The BEST Gaming & Streaming Microphones of 2020….So Far!

Video Producer

We have a very special article for you today, we have been collecting some of the most popular microphones for streaming and gaming and now we are going to see which one sounds best. While reading this article will certainly help point you in the right direction, you ultimately would be better served by putting on some headphones and watching our YouTube video to get the best representation on how these microphones sound.

I think we have a pretty diverse microphone collection, some budget stuff, some staples, and some surprisingly good quality microphones in here too from the well-known brands and some new upstarts as well.

The 7 Mic Models

Let’s cover some basic mics first, like the FIFINE microphone, which is a condenser mic that comes with a user manual, a little stand for attachment, and a non-removable USB to cable. The volume of the front of the mic has nice resistance, it controls the gain of the microphone, and there is no headphone jack. For $30 USD I’m really curious if you will be able to hear the difference between the more high-end stuff, but given the current worldwide situation this microphone is a lot more expensive at the moment selling for a 50% markup at $45 USD. We will hear for it’s worth it.

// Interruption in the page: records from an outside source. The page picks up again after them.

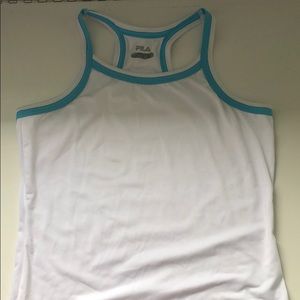 Girls white tank top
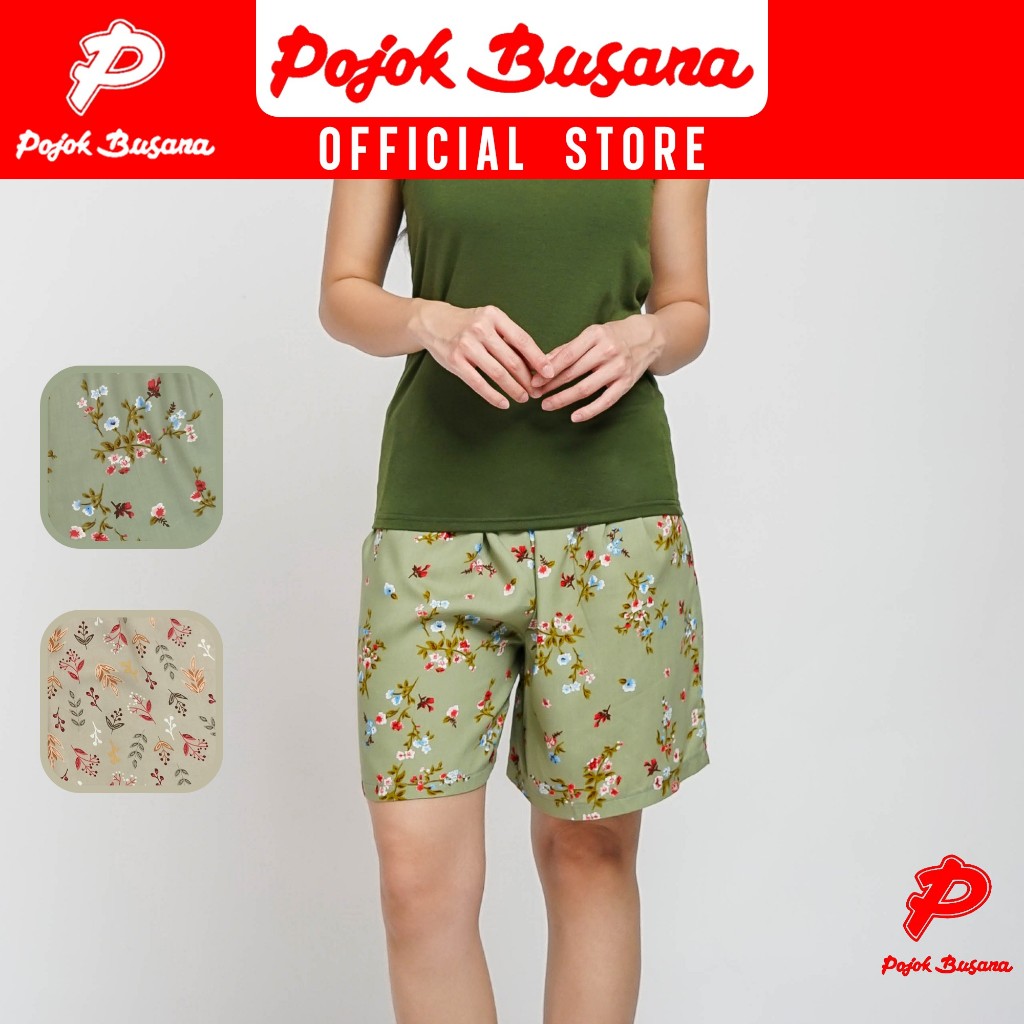 Pojok Busana Cover Celana Pendek Rayon Print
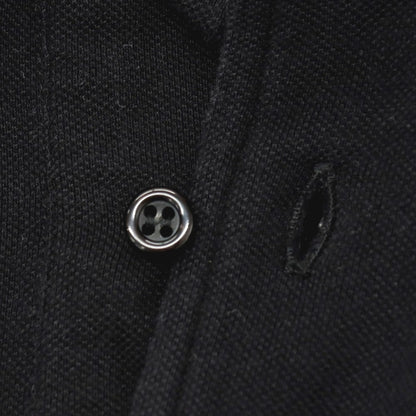 【中古】ギローバー GUY ROVER コットン 鹿の子 ボタンダウン 半袖ポロシャツ ブラック【 XS 】【 状態ランクC 】【 メンズ 】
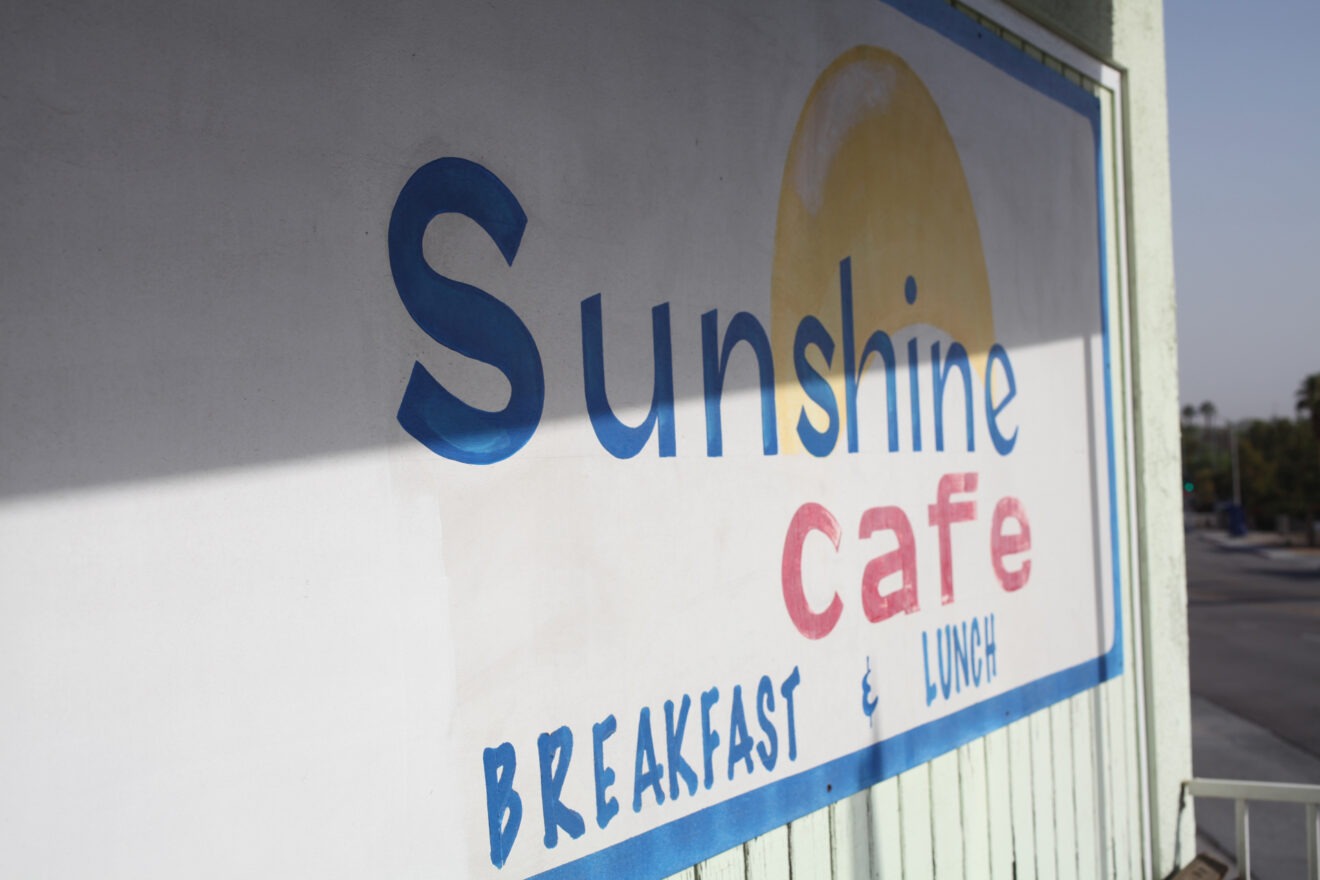 Sunshine Cafe sign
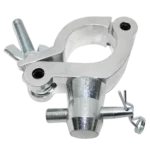ProX aluminum side entry Pro M10 truss clamp with half conical design and mounting hardware detail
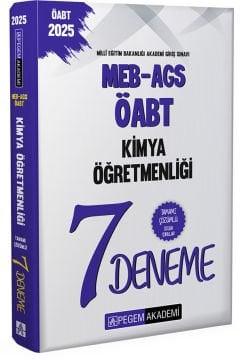 2025 MEB-AGS-ÖABT Kimya Öğretmenliği Tamamı Çözümlü 7 Deneme Pegem Yayınları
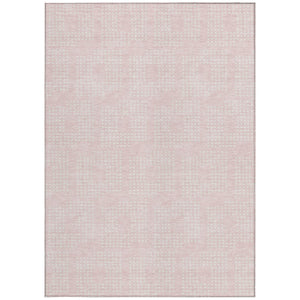 Homeroots 3' Artichoke Green Geometric Washable Indoor Outdoor Area Rug For Stylish Living Spaces & Patios 5' X 8' Polyester 592558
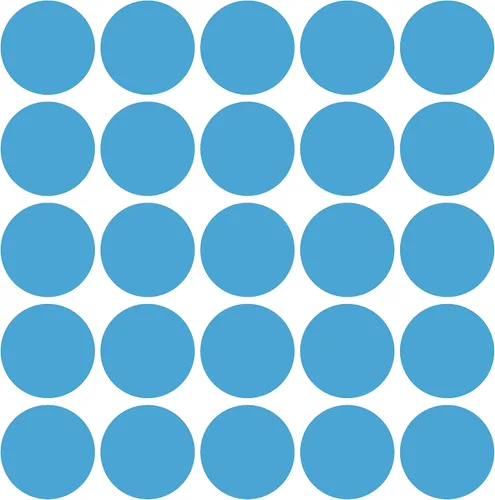 Vista 71 de LiteMark Calcomanías extra pequeñas, puntos de vinilo extraíbles, calcomanías circulares con acabado mate, calcomanías redondas para pared de aula
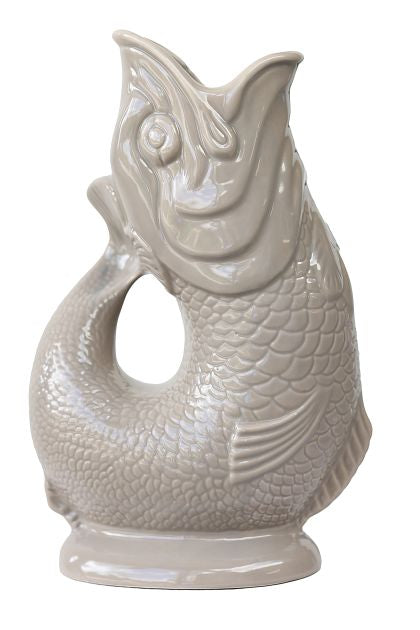Carafe Gluggle Poisson XL par Thomas Forester &amp; Son - Wade Ceramics-Mushroom-The Woods Gallery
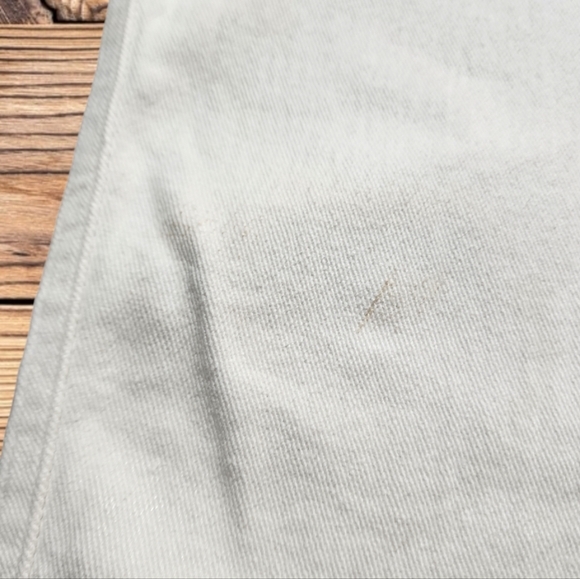 VTG Action West High Waist 3 Pocket Straight Leg Bareback Jeans White 28x30 (12) - Picture 6 of 8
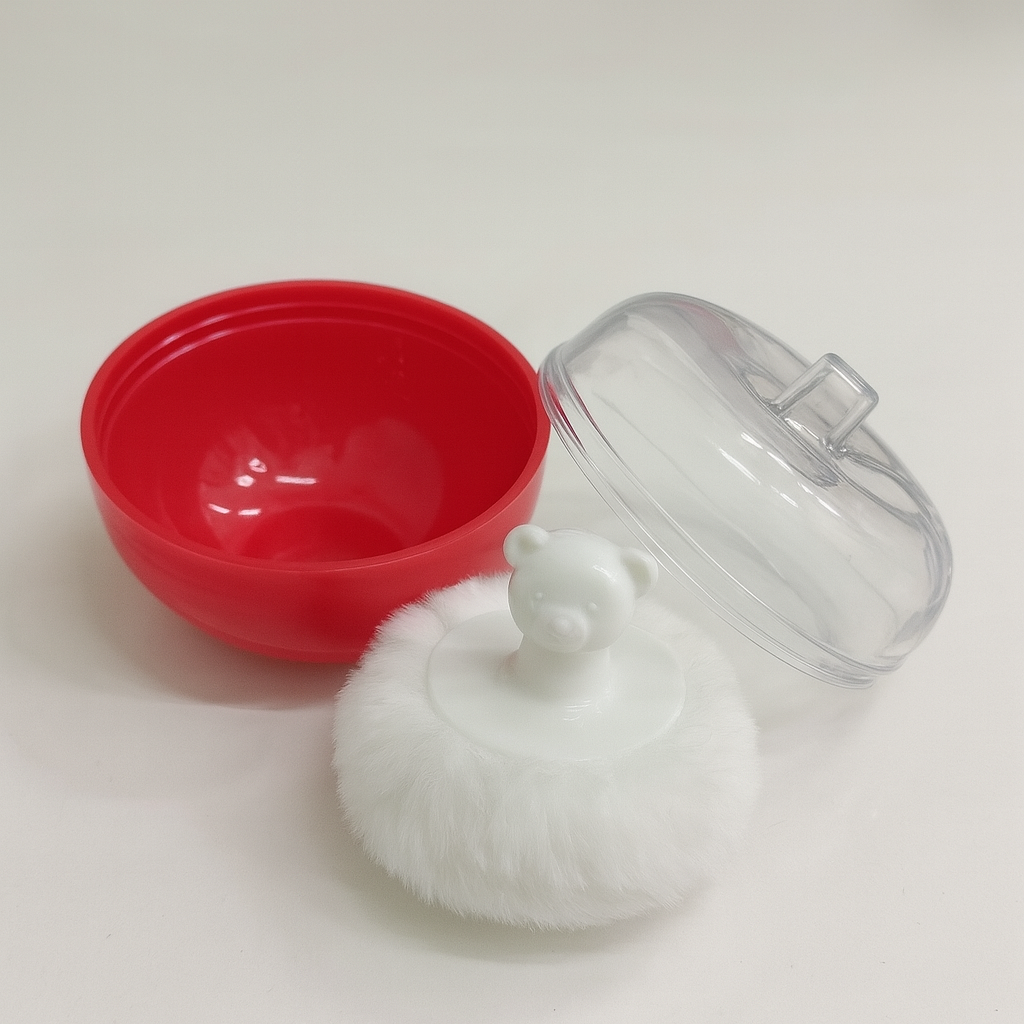 Smile Baby Powder Puff – Soft & Gentle Bear Handle Puff for Newborns & Kids | Available in 5 Colors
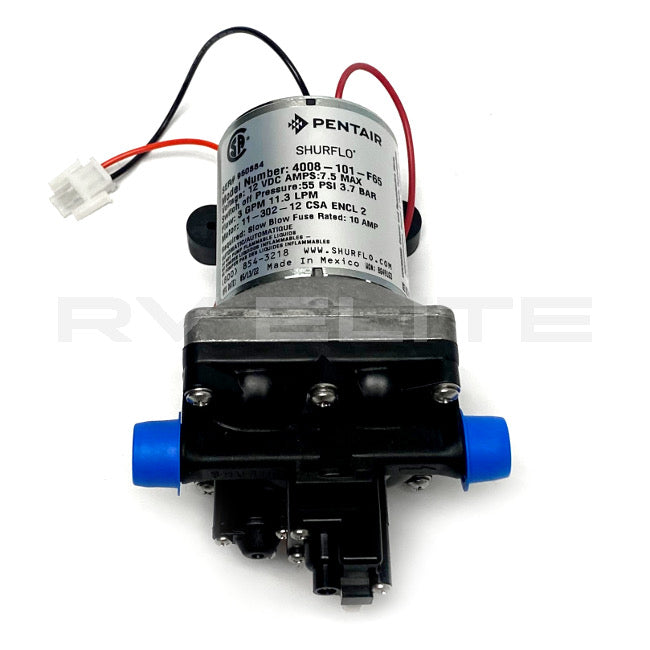 RV Shurflo Water Pump 3 GPM 10002604, REV Group - American Coach, Holiday Rambler, Fleetwood, Monaco Coach
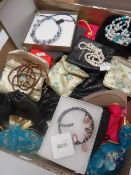 A box of modern costume jewellery, mainly beads and necklaces ETC (possibly small number of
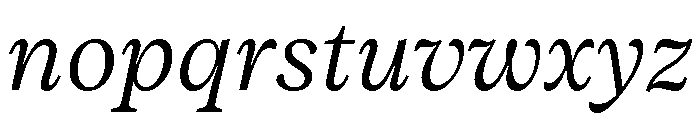 Vesterbro Light Italic Font LOWERCASE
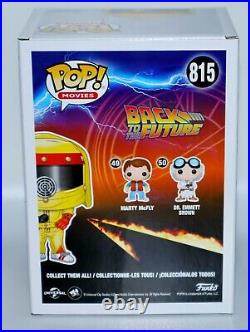 Michael J Fox Signed Marty Nuclear Suit Back To The Future 815 Funko POP Beckett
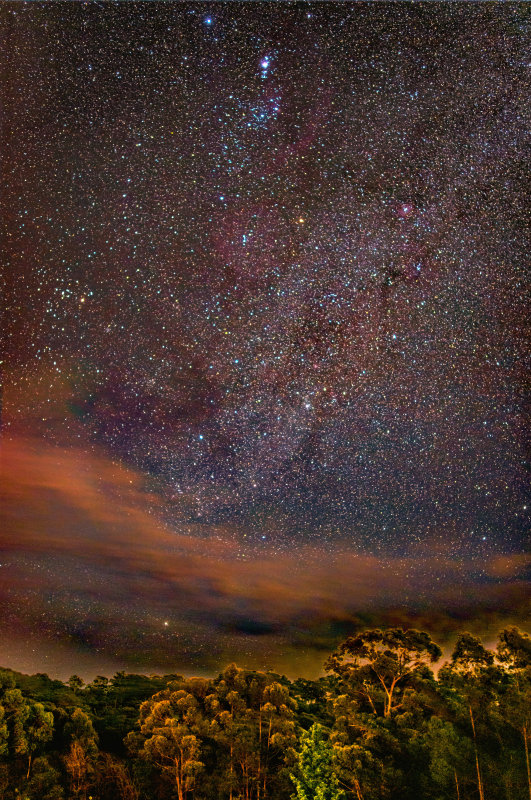 The Orion region of the Milky Way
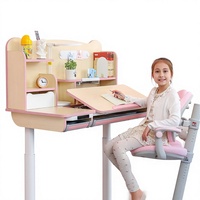 Ensemble table et chaise d'apprentissage rectangulaire moderne et minimaliste pour enfants, avec levage électrique double, en métal, pour élèves du primaire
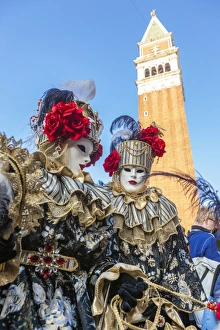 Colourful masks and costumes of the Carnival of Venice, famous festival worldwide Colourful masks and costumes of the Carnival of Venice, famous festival worldwide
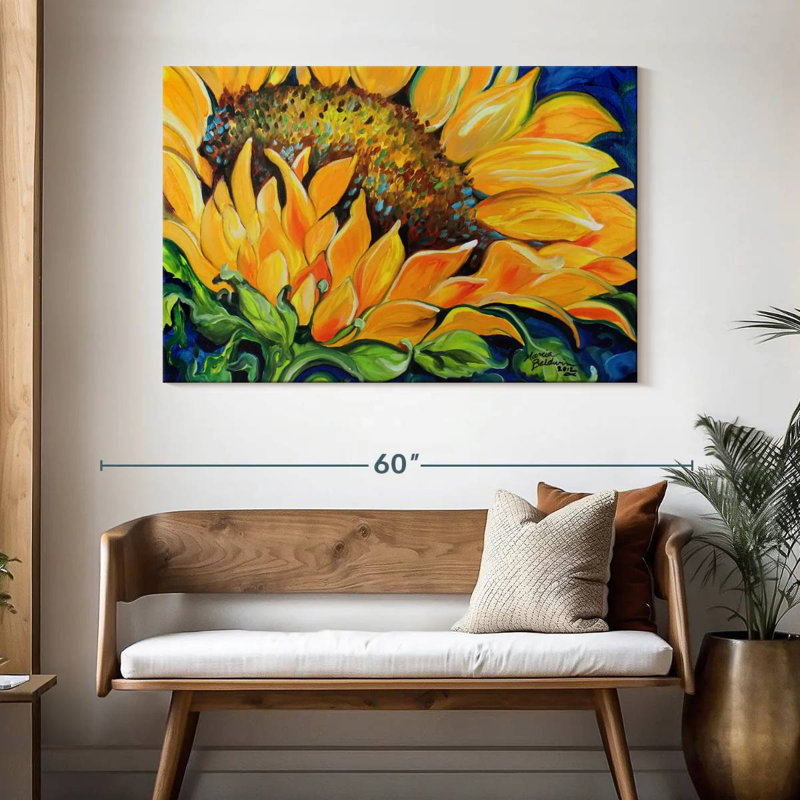 Tournesol Harnek - septembre, H 32 po x l 48 po
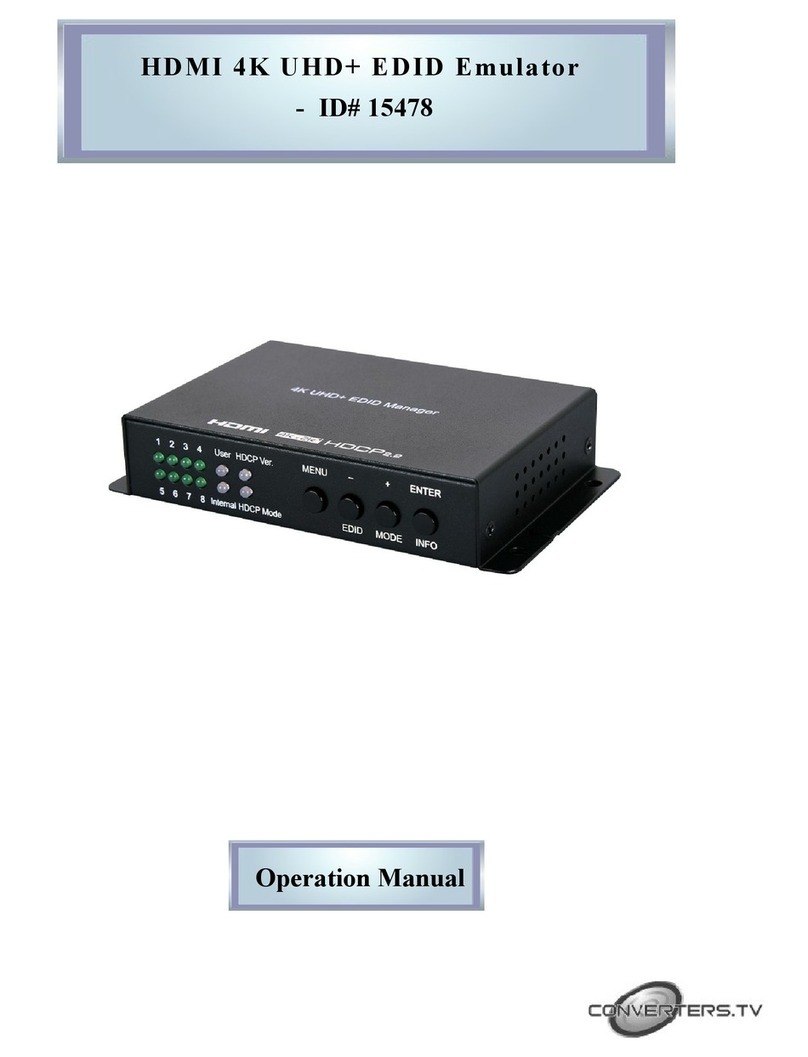 Converters.TV HDMI 4K UHD+ EDID Emulator User manual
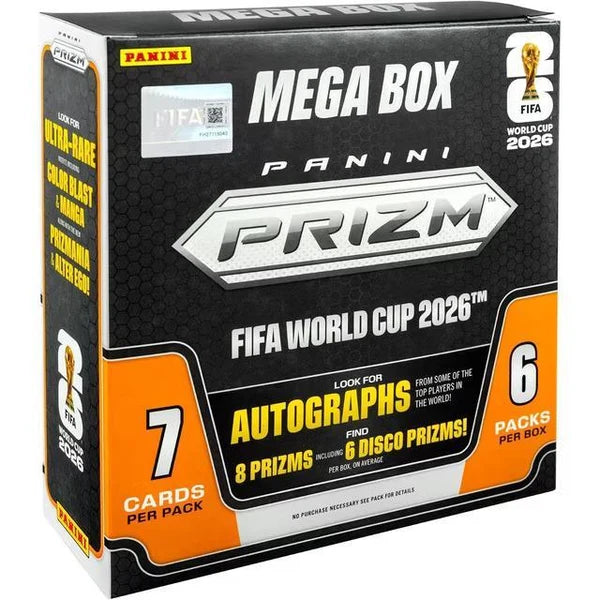 2026 Panini Prizm FIFA World Cup Soccer - Mega Box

The ModMic USB is always a nice addition to your favorite headphones. The magnetic clasp system is brilliant, we get the mute button down the cable that’s perfectly in reach, and a dual microphone capsule for noise cancellation or broadcast quality. At $80 USD it’s a compact solution, you just have to deal with the cable.

Next up we have the Razer Seiren Emote microphone. The only reason it’s in this roundup is because of that matrix LED that’s facing the viewer. As a result it’s the most engaging streaming microphone out there since it can sync when you get a subscriber or bids or a reaction. It is kind of pricey for a voice quality mic at $129 USD, but the basics are covered with. You get a headphone jack, a mute switch, and a headphone volume dial at the front. You will have to work with Razor Synapse to set everything up, and the LED matrix is pretty beautiful, but the voice quality is not there for $129 USD.

I have the two Yeti microphones, the original and the Nano, and right away I love that blue colour. Both mics have headphone monitoring, microphone mute, and a headphone volume dial at the front. There are a few more controls on the original Yeti, like gain and four pickup patterns. The price difference is $30, which is totally worth it as you will hear later on.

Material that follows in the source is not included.